Author Cara Bradley Is Helping Women Wake Up To Their Potential In Her New Book ‘On The Verge’


What does it mean to you to live life “on the verge”? The phrase can carry a certain sense of anxiety, or foreboding, but that most likely comes from the social traditions we have been taught (especially as women) in terms of staying quiet, not rocking the boat, and not causing too much trouble.

There are generations of women who have grown up learning to not disrupt the status quo, not question anything and just do what they’re told. Thankfully, there are women throughout history who have completely ignored this, and if it weren’t for them, we would not be able to vote, own property, participate in the workforce and take ownership of our lives in general.

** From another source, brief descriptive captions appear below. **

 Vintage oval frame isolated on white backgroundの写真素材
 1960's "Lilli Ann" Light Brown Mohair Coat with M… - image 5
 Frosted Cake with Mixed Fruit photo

The modern connotation of “on the verge” is much different, as we are experiencing a boom of women who are stepping into their potential, recognizing the power they offer to the world in doing this, and in turn helping their community of women do the same. One such woman is author and teacher Cara Bradley. Her new book ‘On The Verge: Wake Up, Show Up and Shine’ is all about this!

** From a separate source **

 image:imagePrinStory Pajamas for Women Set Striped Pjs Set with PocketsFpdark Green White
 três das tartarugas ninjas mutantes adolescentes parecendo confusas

We’ve shared many articles about women who are changing the game for professional women, including Sophia Amoruso, Sheryl Sandberg, and Arianna Huffington, all of whom have a different message but with the intent to empower women to tap into their full potential. We have a special connection to Cara Bradley, however. Not only is she an author, yoga instructor and all-round champion of women reaching success, she is also part of an amazing community of women called Women For One, run by entrepreneur and mom Kelly McNelis. Cara hosts the Wf1 podcast series ‘Real Women: Courageous Wisdom’, where she has previously interviewed our editor-in-chief Asha Dahya.

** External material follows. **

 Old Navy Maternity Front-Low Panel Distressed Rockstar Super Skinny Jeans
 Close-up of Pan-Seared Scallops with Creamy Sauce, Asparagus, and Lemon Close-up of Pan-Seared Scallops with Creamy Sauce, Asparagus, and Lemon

We already know that what Cara has to share with come comes from a place of personal passion, authenticity, and the desire to see EVERY woman succeed. So for us it was a no-brainer when deciding to share her new book with our audience. We recognize every woman’s life is different, and there are many factors that may hold us back. Often it takes a community of women to support us along the way and remind us that “we can do it!”.

“Living on the verge is not about doing more, but about being more. It isn’t about achieving more; it’s about experiencing more. It’s not about being someone different, as there’s no “better version of you” on the horizon. Everything you’re searching for is available to you in this moment. Everything you need is right here on the verge,” says Cara about her message.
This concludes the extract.